USS Ronald Reagan docks in Busan as show of force against DPRK

World Today

An American nuclear-powered aircraft carrier is making a port call in the Republic of Korea’s southern city of Busan. The massive ship took part in joint naval exercises, and is seen as a show-of-force amid the tensions over Pyongyang’s recent missile and nuclear weapons testing.

CGTN’s Jack Barton got a first-hand look at warship’s capabilities.

Having spent a week conducting combat drills with South Korea’s navy, the United States’ Reagan Carrier Strike Group headed to the southern Korean port of Busan. At its heart is the USS Ronald Reagan, docking with a large portion of its aerial firepower on show.

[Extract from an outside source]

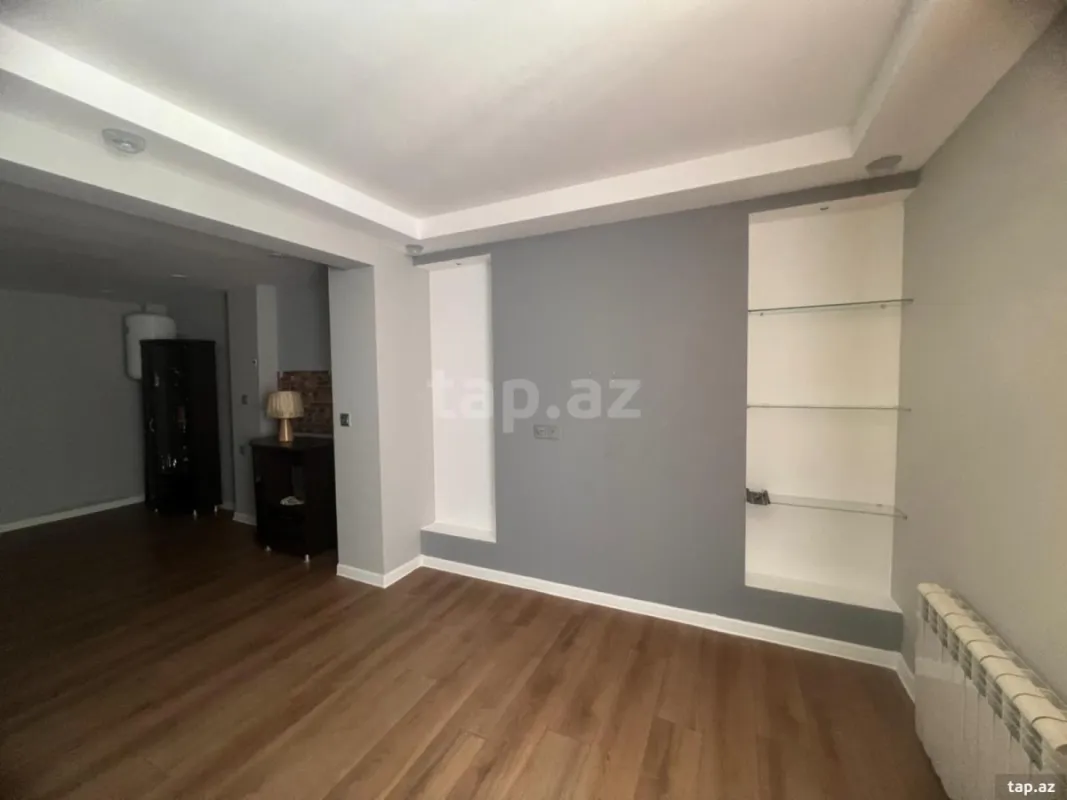 Satılır 6 otaqlı həyət evi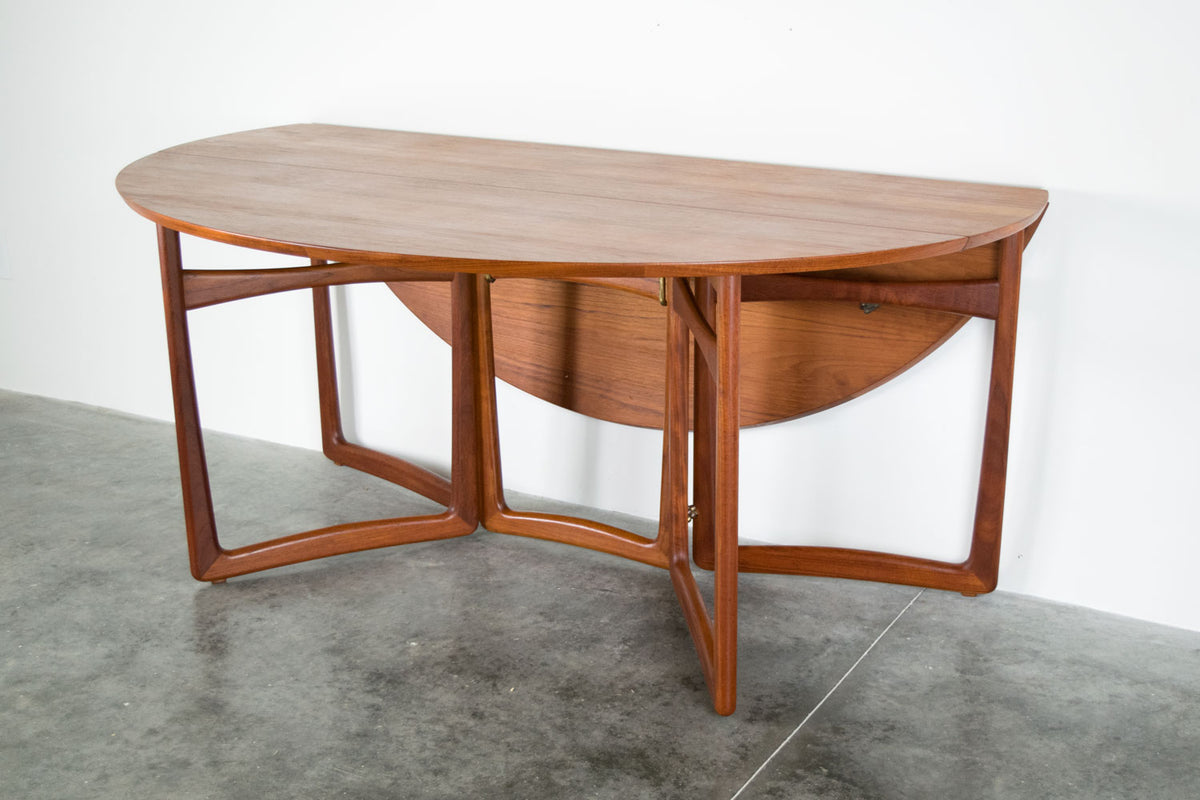 Danish MCM Teak Table by P.Hvidt & O.Mölgaard-Nielsen & 6 chairs by Finn Juhl for France & Søn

“We have about 70 aircraft on board, a combination of strike fighter aircraft like the F-18 and variants,” according to Navy spokesperson David Levy. “Behind us we have the E2D early warning aircraft, as well as two types of helicopter squadrons on board”.

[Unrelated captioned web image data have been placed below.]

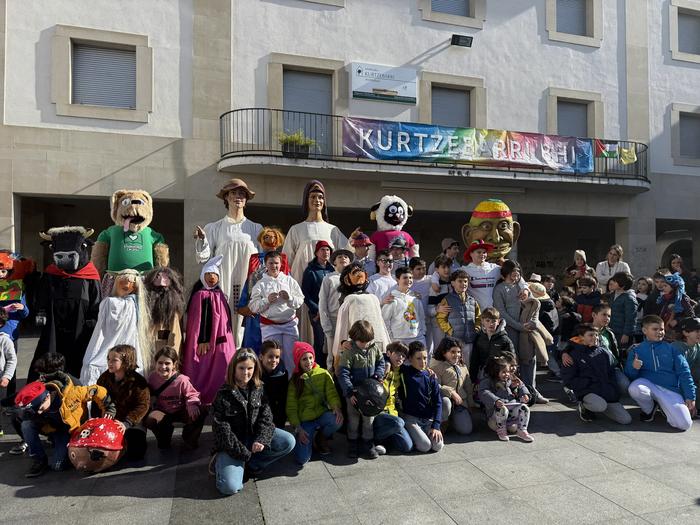 Txapel Txinek Aratusteetarako giroa piztu du Aretxabaletan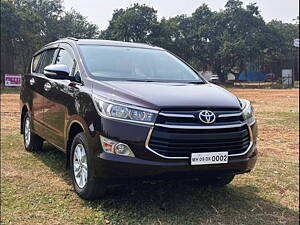 Second Hand Toyota Innova Crysta 2.4 GX 8 STR [2016-2020] in Kolhapur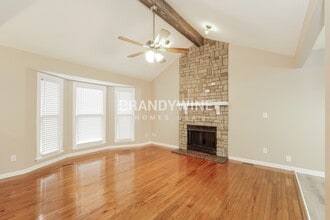 4905 N White Ave in Kansas City, MO - Building Photo - Building Photo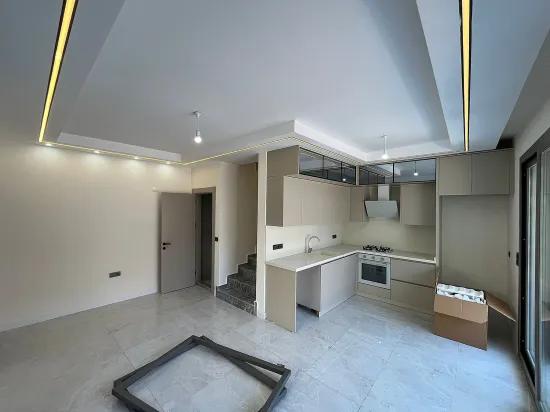 Menderes/özderede Deniz Tarafında Denize 400m Geniş Bahçeli 3+1 Lüks Villa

At 100,000 tons and with a crew of about 5,000, the nuclear powered aircraft carrier is the largest American warship in Asia.

The Democratic People’s Republic of Korea calls the Reagan, and the accompanying carrier group, a provocation.

Pyongyang says its own nuclear and missile programs are a response to what it sees as the U.S. and South Korea constantly practicing for an alleged invasion.

Seoul and Washington argue the exercises are a purely defensive routine happening since the 1950s.

WATERS SOUTH OF JAPAN (Oct. 16, 2015) An F/A-18F Super Hornet attached to the Diamondbacks of Strike Fighter Squadron (VFA) 102 prepares to launch from flight deck of the U.S. Navy’s only forward-deployed aircraft carrier USS Ronald Reagan (CVN 76). (U.S. Navy photo by Mass Communication Specialist 3rd Class Nathan Burke/Released)

“We have been conducting these routinely scheduled, transparent exercises for the entire duration of that alliance,” Rear Admiral Marc Dalton said. “The purpose of those exercises it to enable the combined defense of South Korea, and have been throughout.”

South Korea’s president Moon Jae-in recently struck an agreement with U.S. President Donald Trump to make the deployment of assets – like the Ronald Reagan as well as strategic bombers – more routine.

This move is likely to further anger the DPRK, which has conducted more missile tests under Kim Jong-un that under his father and grandfather combined. An unprecedented spate of weapons tests by Pyongyang, which include two missiles that flew over Japan and a sixth nuclear test, have further raised tensions in East Asia.